I'm trying to retrain the final layer of a pretrained model with a new image dataset using TensorFlow-Slim.
Lets say I want to fine-tuning inception-v3 on flowers dataset. Inception_v3 was trained on ImageNet with 1000 class labels, but the flowers dataset only have 5 classes. Since the dataset is quite small we will only train the new layers.

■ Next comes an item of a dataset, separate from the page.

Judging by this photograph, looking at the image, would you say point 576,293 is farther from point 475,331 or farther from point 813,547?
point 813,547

An example at official tf github page shows how to do it:
$ DATASET_DIR=/tmp/flowers
$ TRAIN_DIR=/tmp/flowers-models/inception_v3
$ CHECKPOINT_PATH=/tmp/my_checkpoints/inception_v3.ckpt
$ python train_image_classifier.py \
--train_dir=${TRAIN_DIR} \
--dataset_dir=${DATASET_DIR} \
--dataset_name=flowers \
--dataset_split_name=train \
--model_name=inception_v3 \
--checkpoint_path=${CHECKPOINT_PATH} \
--checkpoint_exclude_scopes=InceptionV3/Logits,InceptionV3/AuxLogits/Logits \
--trainable_scopes=InceptionV3/Logits,InceptionV3/AuxLogits/Logits
I couldn't fully understand all the parameters in the above code:
train_dir
= ?
dataset_dir
= new dataset directory location
dataset_name
= name of the dataset (but why ? )
dataset_split_name
= ?
model_name
= name of the model on which we want to train
checkpoint_path
= path to the model checkpoint
checkpoint_exclude_scopes
= ?
trainable_scopes
= ?
Help me figure out what these parameter means and correct me if I'm wrong about any of the parameter?
Note: I'm aware that we can retrain inception_v3 with a method mentioned at official tensorflow website but I want to do the same with tensorflow-slim.